The Shakespeare Conference: SHK 10.0565  Monday, 29 March 1999.

From:           Lawrence Manley <This email address is being protected from spambots. You need JavaScript enabled to view it.>
Date:           Friday, 26 Mar 1999 15:42:08 -0500 (EST)
Subject:        Heavy-Weight Shakespeare

I was interested to learn the following from the _Autobiography with
Letters_ (1939) of William Lyon Phelps (1865-1943), Lampson Professor at
Yale from 1901-1933.  It is very old news, so I apologize to those who
know, but I thought it might interest those who don't.

"On Thursday 22 December 1927, I...had a long talk with the champion
heavy-weight boxer of the world, Joseph J. Tunney of New York,
universally known as Gene Tunney.  I knew he was fond of reading
Shakespeare.  I told him that I was teaching Shakespeare at Yale, and
that during the coming Spring term I should be very glad to have him
address my class.  He immediately agreed....

"Tunney told us how he came to enjoy Shakespeare.  It was when he was a
private soldier in the World War.  There was a comrade who was always
talking about Shakespeare; and Tunney, becoming interested, made up his
mind he would read him.  He had the bad luck to begin with _The Winter's
Tale_.  He read it through from beginning to end and it made no
impression.  I think most adventurers would have stopped there.  Not so
Tunney. He read through Wnter's Tale ten times...

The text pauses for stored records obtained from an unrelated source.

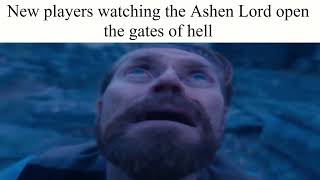 Sea of Thieves Slander 2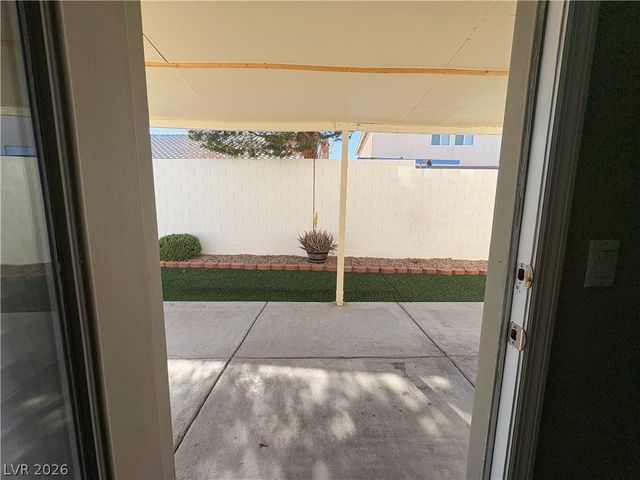 229 Paradise Bird Street, Henderson, NV 89074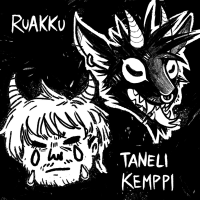 Taneli Kemppi & Ruakku
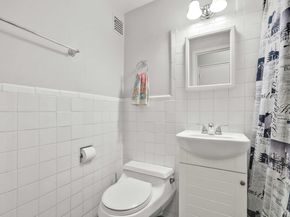 57 Montague Street 1D, Brooklyn NY 11201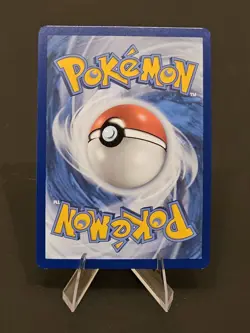Drifloon (Cosmos Holo) 089/198 Fart Swirl🍑🌀 Prize Pack Series Cards Pokemon - Image 3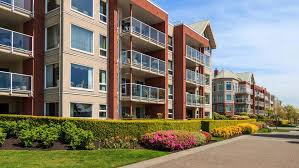 image of customer support interactions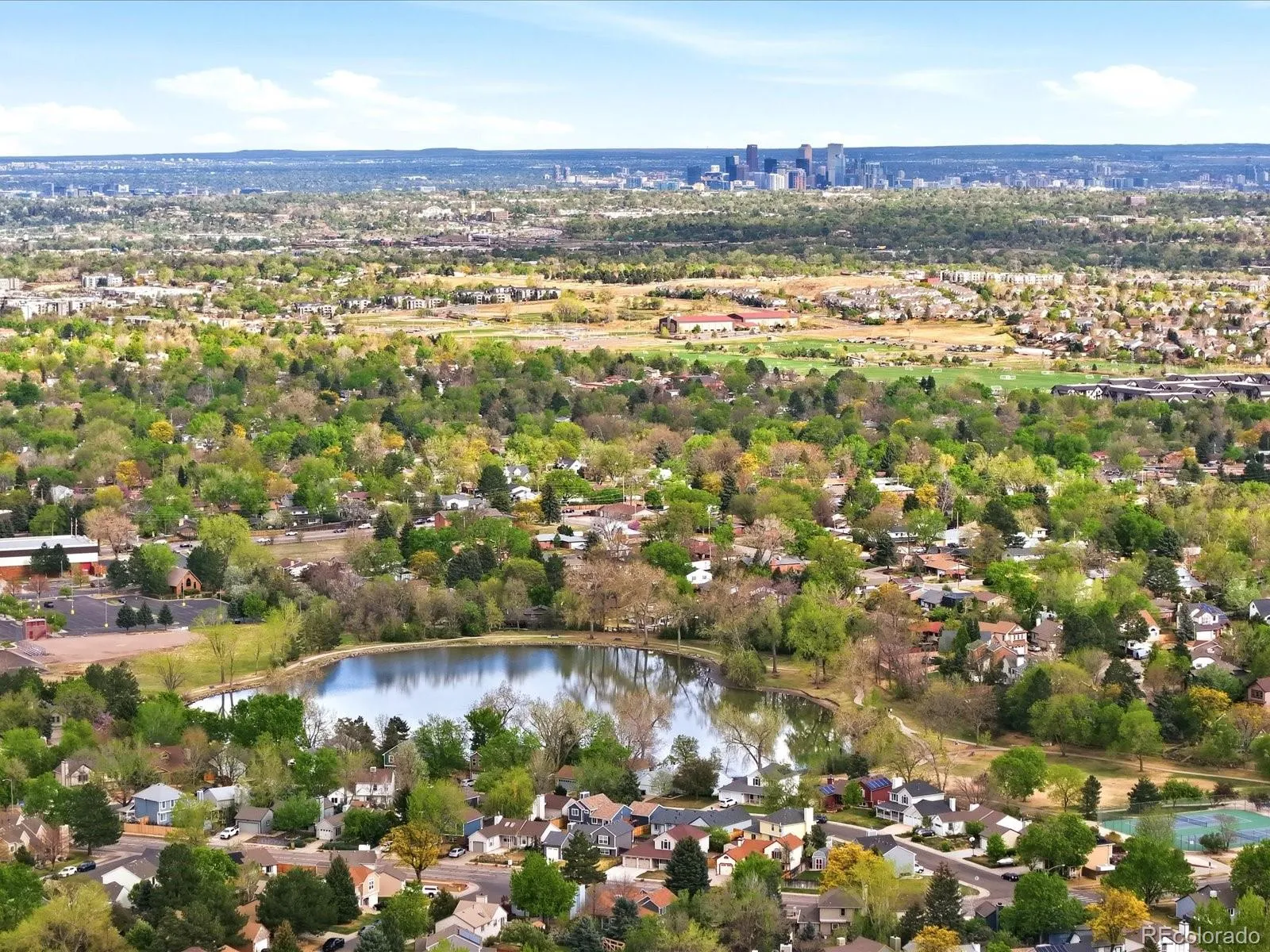 6429 Devinney Street Arvada CO 80004 MLS #REC5135236 04172026171701 1600 48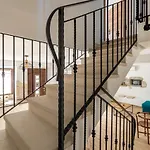 Nyaraló House Pavovci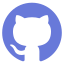 Social Media Logos icon 64x64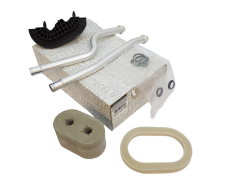 Tuyau Chaufants Nouvelle Original Trafic Vivaro Primastar 7701473280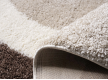 Shaggy carpet Fantasy 12528/89 - high quality at the best price in Ukraine - image 2.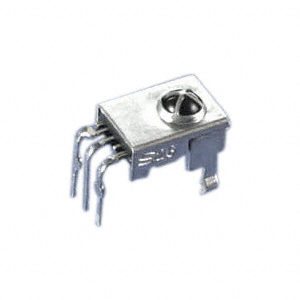 product Photo GP1UD26XK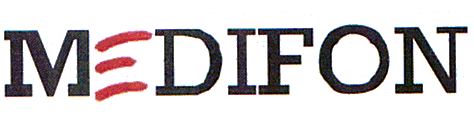 MEDIFON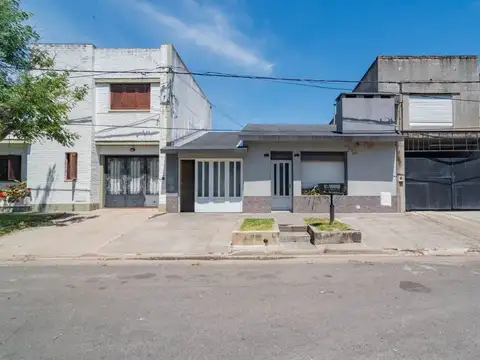 Agustín Delgado 1000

"On 23 April Tunney addressed my Shakespeare class.  The large
auditorium was jammed, with crowds standing up.  Tunney used no notes.
He spoke for three-quarters of an hour.... He said his favorite play of
Shakespeare was Troilus and Cressida.  For it applied exactly in his own
case. 'Why have I been invted to speak at Yale?  Surely not because I
have anything important to say about Shakespeare.  I have been invited
becauseI am the champion boxer of the world.  I am that now, and there
is greatinterest in everything I do and say.  I am followed around by
crowds. But how long do you suppose that will last?  It was last just as
long as I am heavy-weight champion.  Ten years from now nobody will care
what I do or say. It is important to me therefore to make the most of
the present moment, for the present is all I have.'

"He said Shakespeare understood that situation perfectly.  Hector was
the heavy-weight champion of the Trojans and the only man among the
Greeks who could stand up to him was Achilles.  But Achilles would not
fight.  He sulked in his tent.  And yet he was angry when Ulysses and
the other Greeks put up Ajax to fight Hector; and all their cheers were
for Ajax. 'Now Ajax,' said Mr. Tunney, 'was a big powerful man without
much brains, just like Jack Sharkey.'

"The next day a reporter called up Sharkey at his training-camp and said
'Tunney says you are like Ajax.'  It is possible that Mr. Sharkey
thought Ajax was some kind of disease, for he responded, 'You can tell
Tunney there is nothing the matter with me at all.'"

Phelps goes on to describe the intellectual friendships formed between
Tunney and G.B.Shaw and Richard Strauss on the island of Brioni in the
summer of 1928 and to pay tribute to his remarkable character.